Guha’s summing-up of Gandhi’s life and posthumous legacy tries to be cheerful, but not altogether convincingly. Yes, Gandhi had many admirers and followers, including, apparently, Barack Obama, who had a portrait of him on his office wall when he was a state senator. But Obama’s own legacy is currently being smashed to pieces in America, as are gentler, more tolerant and consensual forms of politics in Europe and elsewhere. This is not a good time for Gandhians. His contribution to political and social life in his own country has been scarcely longer-lasting. One Indian civil servant posted in London claimed after his death that ‘this was the end of civilization in India’. While not quite that, of course, it is dispiriting to read of the negative reactions to his beliefs and lifetime achievements that sprang up in India following his death, much of it among the more ‘muscular’ Hindus in the Bharatiya Janata Party, who rejected his pacifism and regarded him as something of a collaborator with the British (and Muslims). Many of these criticisms were deeply misguided, neglecting, for example, his efforts to eradicate untouchability, in order to paint him as a social conservative. More radical leftist parties, such as the revolutionary Maoist Naxalites in Bengal, dismissed his insistence on satyagraha as ‘a diversionary tactic designed to suppress the revolutionary instincts of the masses and keep the ruling classes in power’. Gandhi’s favourite cause, Hindu–Muslim reconciliation and religious tolerance, received a body blow when serious communal rioting resumed in the 1960s.

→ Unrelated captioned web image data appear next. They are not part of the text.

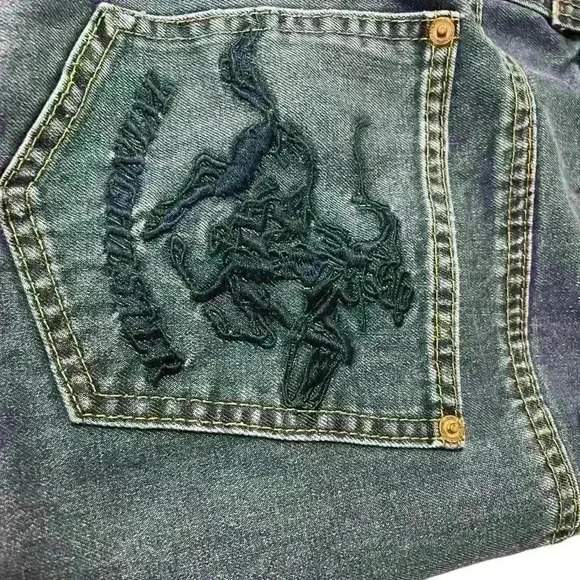 Winchester American Sz36 Men Jeans Stars And Strips Western Classic - Picture 13 of 15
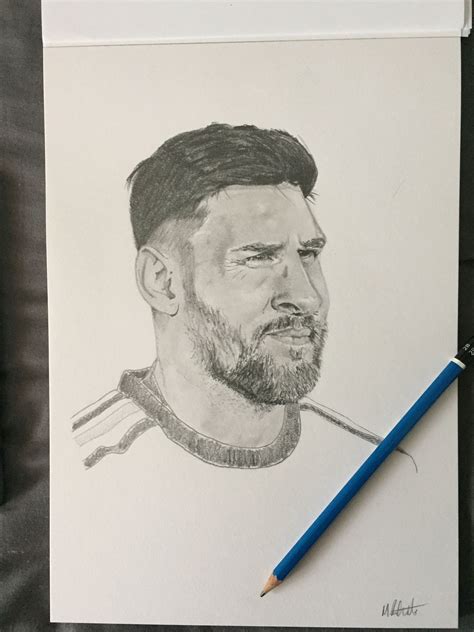Portrait Drawing Of Barcelona Star Lionel Messi Lionel Messi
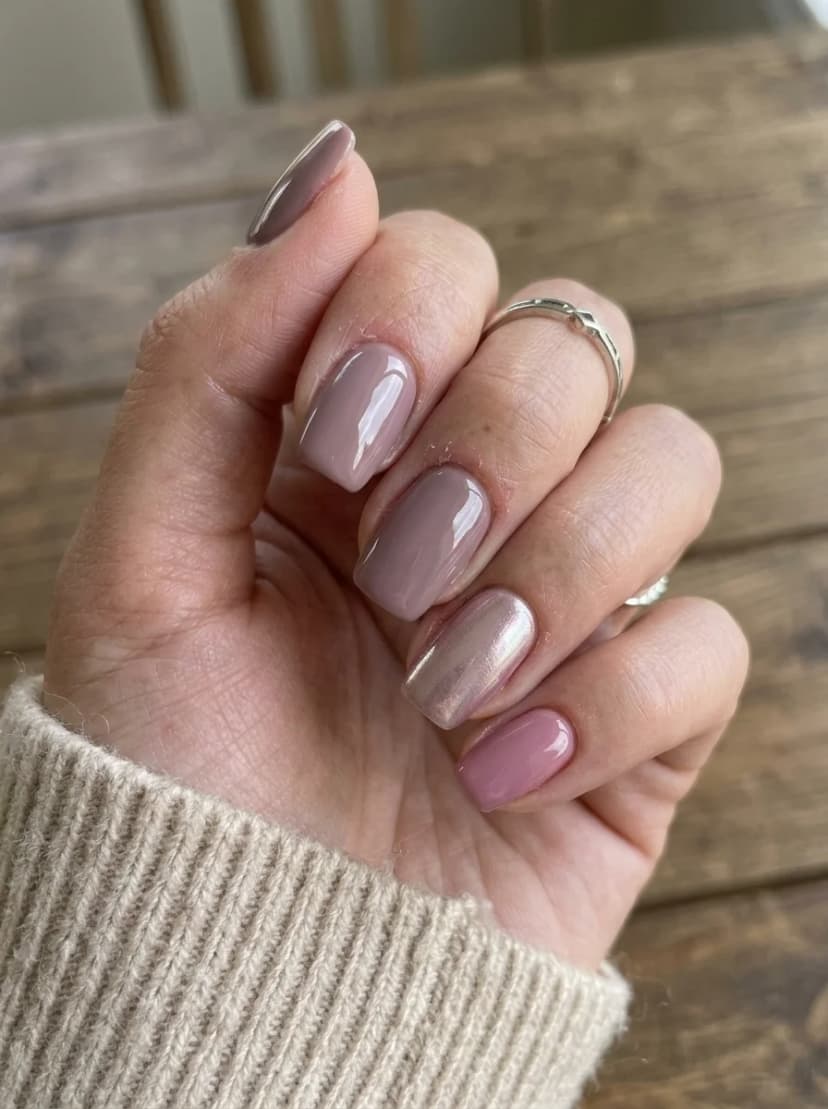 Mauve Chrome Nails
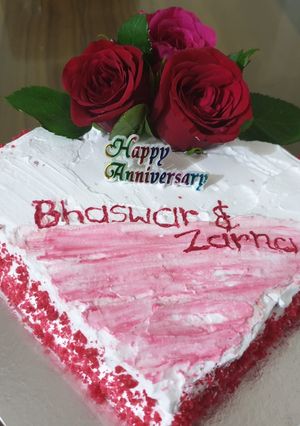 A picture of Red velvet cake with beetroot.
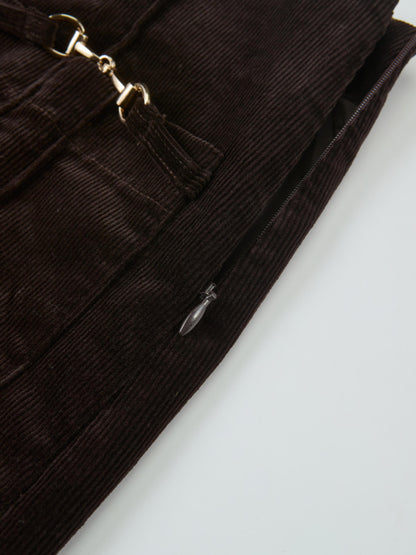 Chain Detail Corduroy Skirt - Brown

Still, he was a saint, wasn’t he? Some contemporaries objected to the title Mahatma that was popularly given to him on the grounds that he wasn’t without his faults (Guha doesn’t shy away from these), but ‘Great Soul’ – a loose translation of the word – seems to fit him well enough. He is remembered partly as a nationalist, but in fact he had no time at all for nationalism in a narrow sense. His main contribution to the world was a philosophy and an example that transcended nationalism. This biography reads like the final word on its subject, though it probably won’t be. ‘Every generation of Indians needed, I thought, its own assessment or reassessment of Gandhi,’ is Guha’s justification for writing it. In fact, this masterly assessment should serve for several generations, and for non-Indians as well.